ASSIGNMENT => Transcribe exactly every line from the one containing "this 1057×700 image." down to the final line of the listing below, including both, and leave out the rest.

DATA FOR THE TASK =>
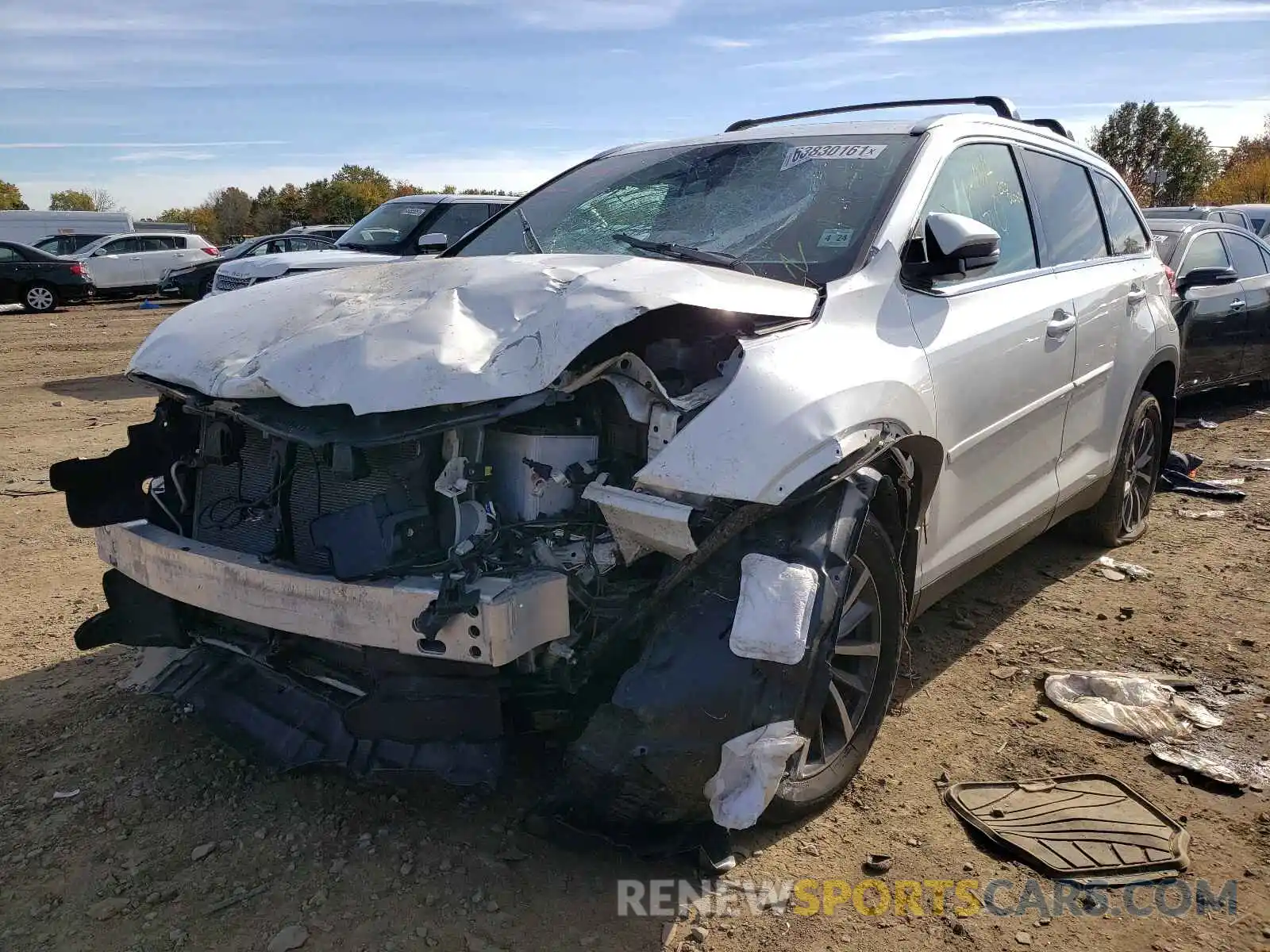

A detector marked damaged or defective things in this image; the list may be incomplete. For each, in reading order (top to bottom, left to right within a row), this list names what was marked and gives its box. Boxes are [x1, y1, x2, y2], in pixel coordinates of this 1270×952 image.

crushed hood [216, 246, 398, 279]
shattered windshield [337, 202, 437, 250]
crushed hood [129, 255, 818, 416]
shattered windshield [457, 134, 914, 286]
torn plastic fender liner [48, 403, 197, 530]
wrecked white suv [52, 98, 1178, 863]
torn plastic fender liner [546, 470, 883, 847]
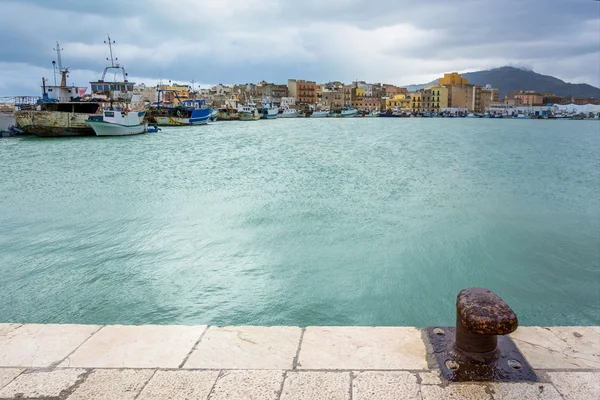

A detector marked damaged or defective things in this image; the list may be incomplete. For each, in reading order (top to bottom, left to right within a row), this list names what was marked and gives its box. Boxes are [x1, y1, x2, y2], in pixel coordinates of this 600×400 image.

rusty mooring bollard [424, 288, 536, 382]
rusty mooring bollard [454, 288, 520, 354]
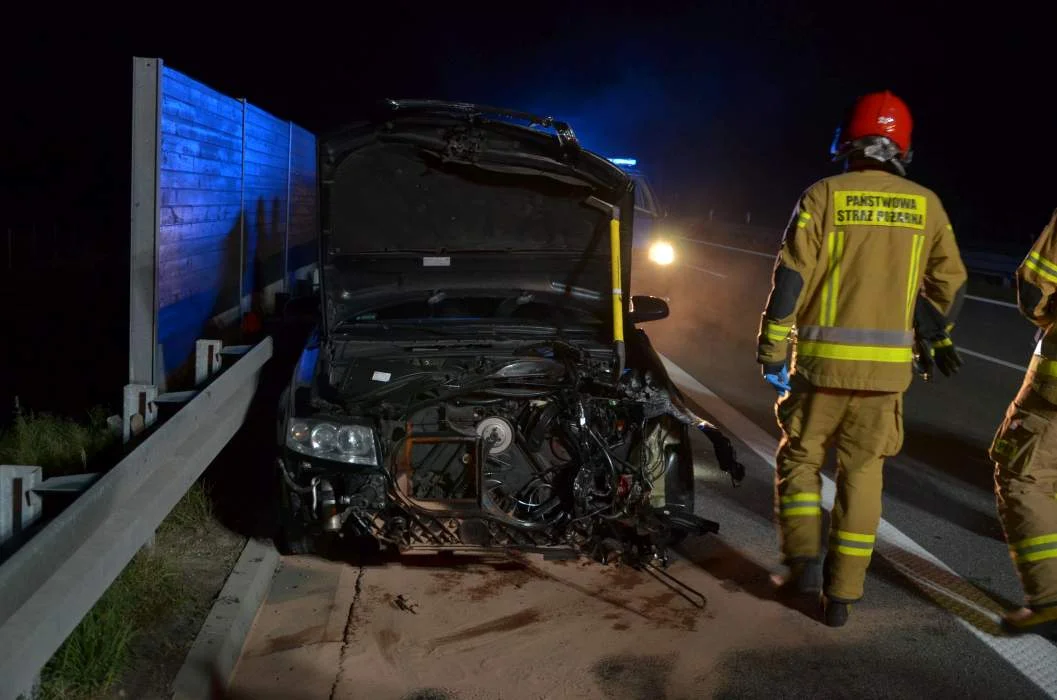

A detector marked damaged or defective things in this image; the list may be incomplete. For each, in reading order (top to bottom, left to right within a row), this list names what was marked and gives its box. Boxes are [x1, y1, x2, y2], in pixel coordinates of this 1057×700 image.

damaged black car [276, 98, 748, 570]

SOLUTION FOR THIS TASK =>
A detector marked damaged or defective things in this image; the list may be incomplete. For each, in reading order (top to bottom, left to right within a row), this list names what was marked and gives its box. Boxes are [x1, y1, x2, y2], in pixel coordinates of this 1057×700 image.

damaged black car [276, 98, 748, 570]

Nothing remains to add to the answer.